__Task statement__.
Return all entries precisely as they stand, without the images.

(Web page caption snippets)
*** Begin section ***

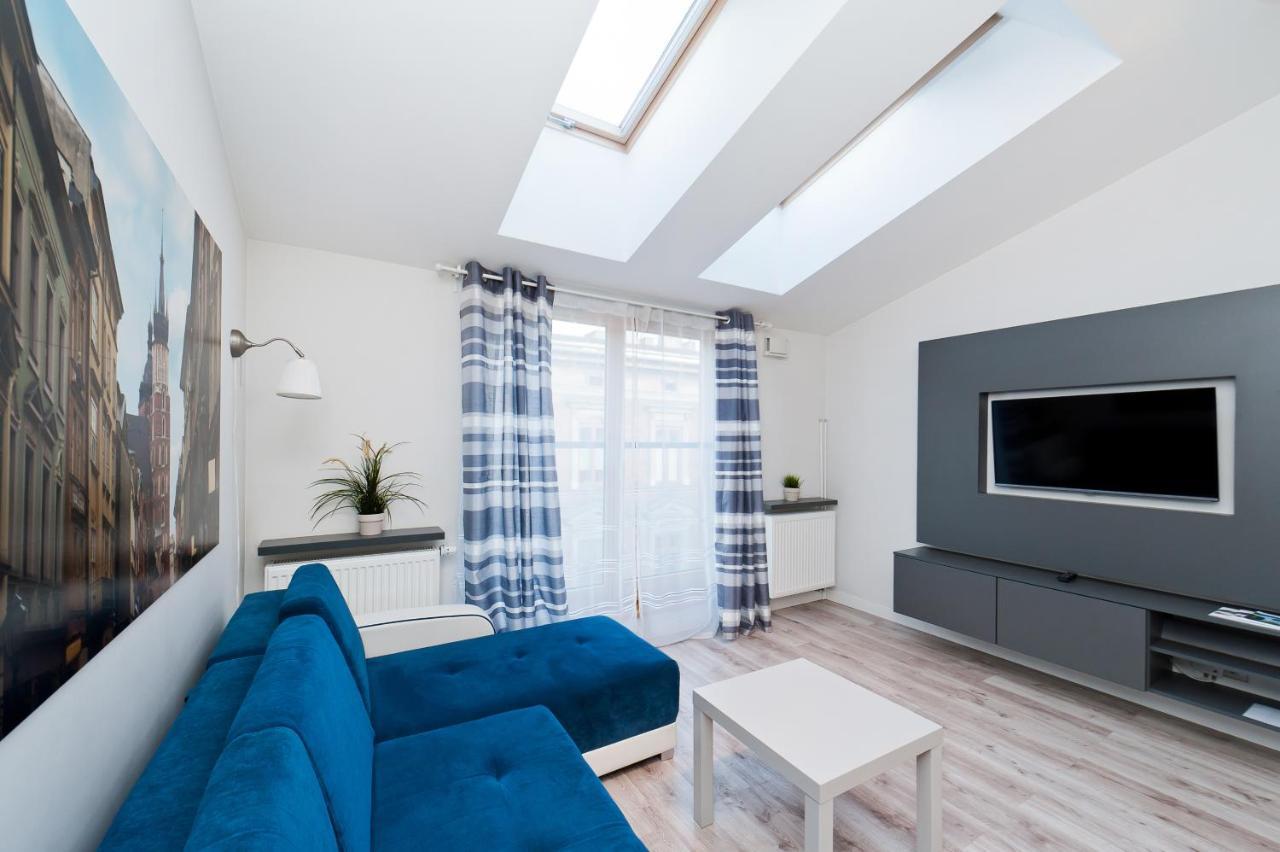 Apartamenty Sun & Snow Krakow Browar Lubicz Εξωτερικό φωτογραφία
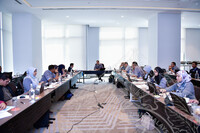 PEMUKIMAN SEKTOR DASAR JMM DI LE MERIDIEN PUTRAJAYA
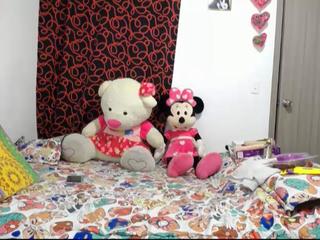 ?, Melanie Roldan? on cam for live nude video chat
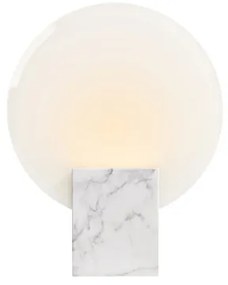 Nordlux - Lampada da parete dimmerabile per bagno HESTER LED/9,5W/230V IP44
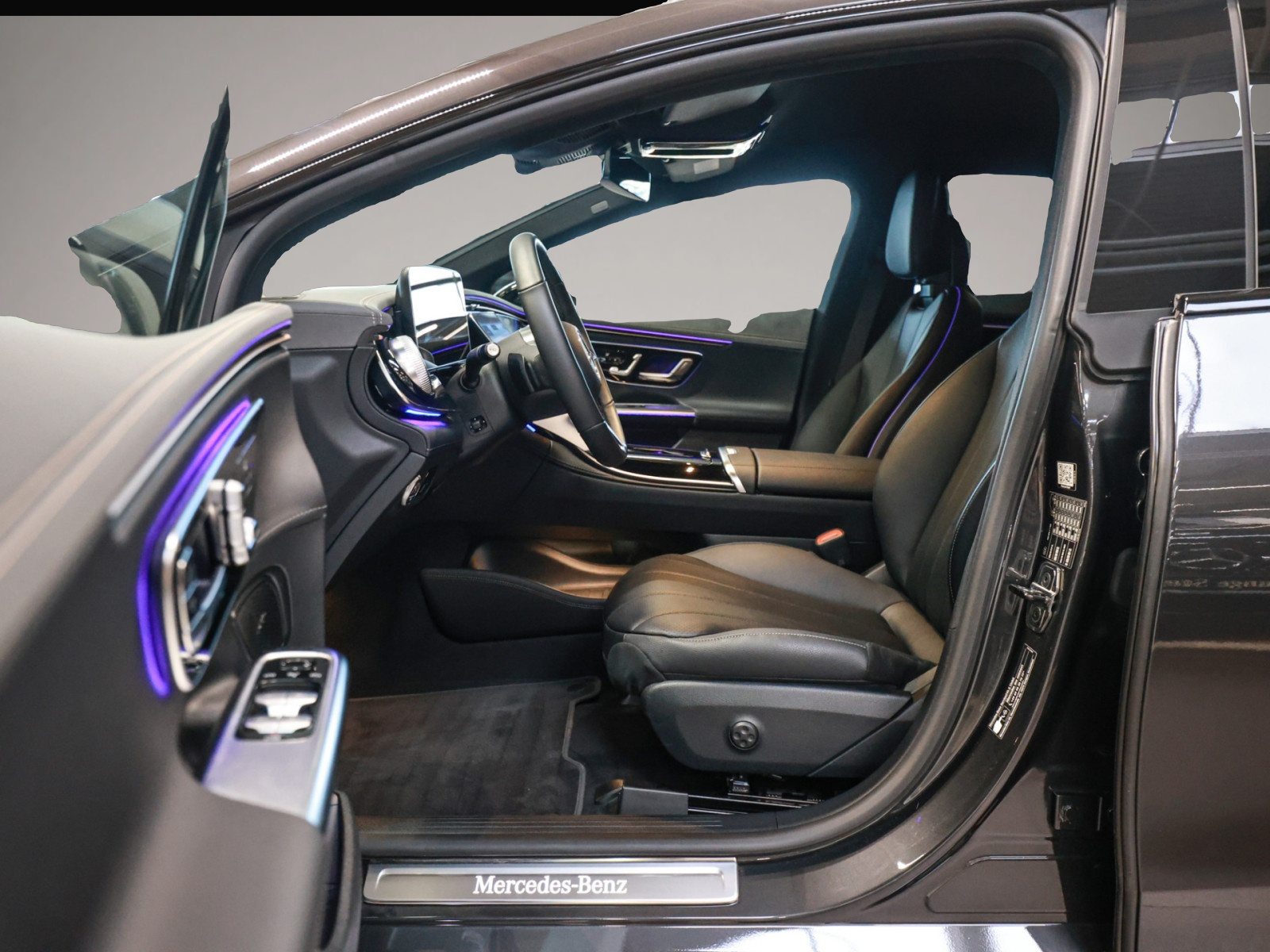 Bild 7 Mercedes-Benz EQE 300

*** End section ***

__Expected output__.
 Apartamenty Sun & Snow Krakow Browar Lubicz Εξωτερικό φωτογραφία
 PEMUKIMAN SEKTOR DASAR JMM DI LE MERIDIEN PUTRAJAYA
 ?, Melanie Roldan? on cam for live nude video chat
 Nordlux - Lampada da parete dimmerabile per bagno HESTER LED/9,5W/230V IP44
 Bild 7 Mercedes-Benz EQE 300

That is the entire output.